Le groupe californien de Cupertino aurait ainsi demandé à ses fournisseurs majeurs de mesurer les implications d'une telle décision en matière de coût, croit savoir Nikkei Asian Review ce mercredi. Les capacités de production concernées des fournisseurs seraient alors relocalisées en Asie du Sud-Est. Les fournisseurs en question seraient Foxconn, Pegatron, Wistron, Quanta computer, Compal, Inventec, Goertek et Luxshare-ICT, détaille le Nikkei...

Cette demande supposée d'Apple est évidemment une conséquence directe de l'affrontement commercial entre Washington et Pékin, qui dure depuis de longs mois et fait planer une lourde incertitude. Néanmoins, selon le quotidien Nikkei, une résolution du conflit commercial ne modifierait pas la décision ultime d'Apple sur la question.

Adobe (+5%) a publié ses comptes du second trimestre fiscal. Sur la période, le groupe software et de cloud computing a dévoilé des chiffres supérieurs aux attentes de marché, dopant au passage ses prévisions à court terme. Sur le trimestre clos en mai, le bénéfice ajusté par action s'est élevé à 1,83$, en croissance de 10% en glissement annuel, contre un consensus de 1,78$. Les revenus du groupe se sont appréciés de 25% à 2,74 milliards de dollars, niveau record. Les revenus d'abonnements cloud ont grimpé de 27%. Le bénéfice net trimestriel s'est élevé à 633 M$ soit 1,29$ par titre, contre 663 M$ un an plus tôt.

Les ventes du trimestre entamé sont attendues quant à elles à 2,8 milliards de dollars, pour un bpa ajusté de 1,95$ en augmentation de 13%. Revues en hausse, ces prévisions n'en demeurent pas moins légèrement inférieures au consensus.

Oracle (-1%), le colosse californien des logiciels d'entreprises, publiera après la clôture de Wall Street ce soir ses comptes pour le quatrième trimestre fiscal 2019. Le groupe devra convaincre les opérateurs, alors que certains doutent visiblement de ses capacités. Macquarie s'est même permis de dégrader la valeur de 'surperformance' à 'neutre' hier, ajustant son objectif de cours de 56 à 55$.

L'analyste de la firme s'inquiète surtout des perspectives du groupe software, qui pourrait par ailleurs couper ses rachats d'actions. Le broker juge en effet que le bilan d'Oracle se détériore, ce qui fait courir le risque d'une dégradation de notation de la dette. Pour Macquarie, Oracle a du mal à exécuter sa stratégie et n'affiche pas auprès des clients de réputation comparable à celles de Microsoft Azure ou Amazon Web Services dans les applications cloud...

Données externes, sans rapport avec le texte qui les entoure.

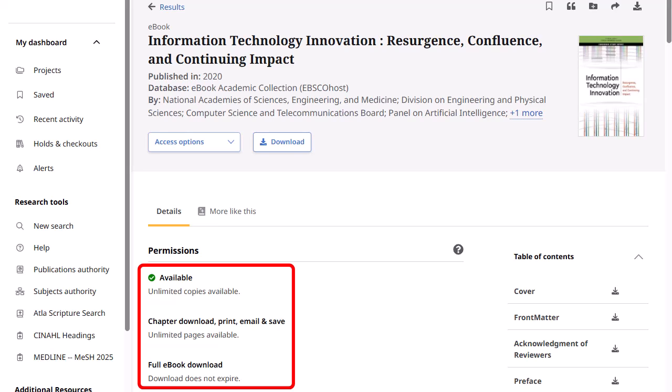These eBooks do not require you to sign in to MyEBSCO to download them. In addition, no Adobe ID or special software, such as Adobe Digital Editions, is necessary to read them.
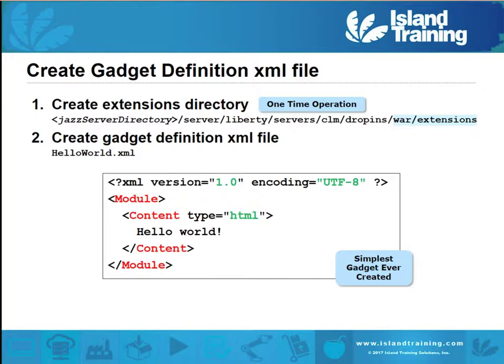This right here is about the simplest gadget you could create. You're indicating that it's HTML with a string — this is our typical hello world example to get your first open social gadget up there.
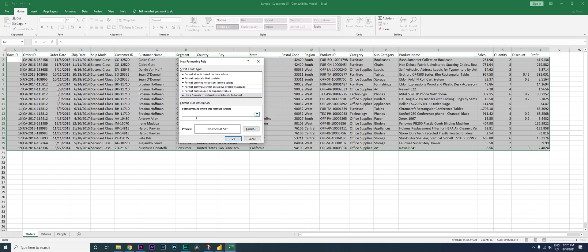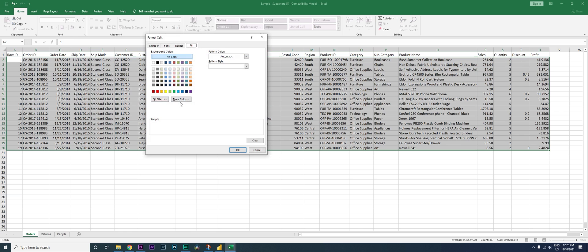The discount column is in column T. I'm going to type in $T — I want to freeze the column — and then type 2, which is the first cell of my column T, followed by 'is not equal to blank', which is represented by double quotes with nothing inside.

Boeing (stable). International Airlines Group (IAG), la maison-mère de British Airways et Iberia, a signé une lettre d'intention portant sur l'achat de 200 737 MAX. La lettre est sujette à un accord formel. La commande, qui atteindrait plus de 24 milliards de dollars au prix catalogue, serait partagée entre des B737MAX8 et des B737MAX10. Des appareils qui seraient livrés entre 2023 et 2027 et seraient équipés de moteurs CFM Leap. Les avions devraient être utilisés par un certain nombre de compagnies aériennes du Groupe, notamment Vueling, LEVEL et British Airways à l'aéroport de Londres Gatwick.

CBS (+1%) envisagerait une nouvelle offre pour l'acquisition de Viacom (+3%), d'après les sources bien renseignées du Wall Street Journal. Des échanges préliminaires auraient déjà eu lieu entre les deux groupes concernant l'éventuelle structure d'un rapprochement. Le WSJ ajoute toutefois qu'un accord n'est pas acquis, les discussions pouvant en particulier achopper sur la question cruciale du prix. En cas d'offre effective, il s'agirait de la troisième tentative de combinaison entre les deux groupes.

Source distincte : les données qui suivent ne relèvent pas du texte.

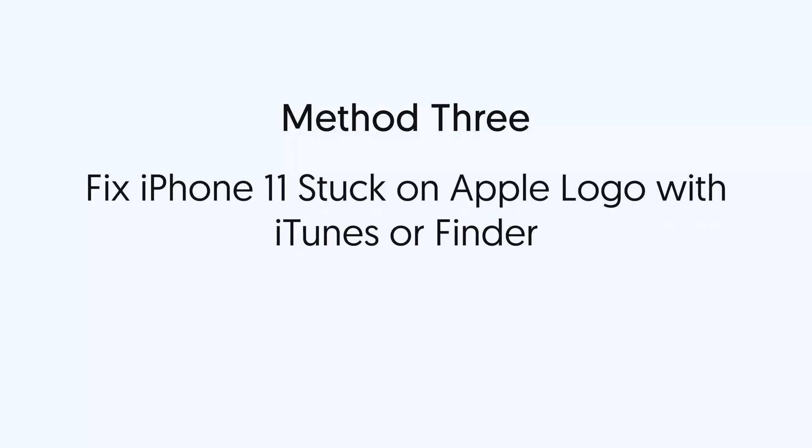Third method, fix iPhone 11 stuck on Apple logo with iTunes or Finder. To fix iPhone 11 with iTunes, you need to put your iPhone 11 in recovery mode first.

Jabil (+11%) gagne du terrain à Wall Street. Le sous-traitant de production électronique a annoncé des bénéfices supérieurs aux attentes de marché pour son troisième trimestre fiscal, ainsi que des revenus en croissance. Sur le trimestre, les revenus ont totalisé 6,1 Mds$, pour un bpa GAAP de 28 cents et un bénéfice ajusté par action de 57 cents.

Alphabet (-1%). Certains actionnaires activistes de la maison-mère de Google entendraient la forcer à procéder à une scission pure et simple de ses activités, avant que les autorités ne l'exigent. Une ONG américaine devrait ainsi présenter une motion dans ce sens lors de l'assemblée générale du groupe prévue ce mercredi à Sunnyvale, croit savoir l'agence Reuters.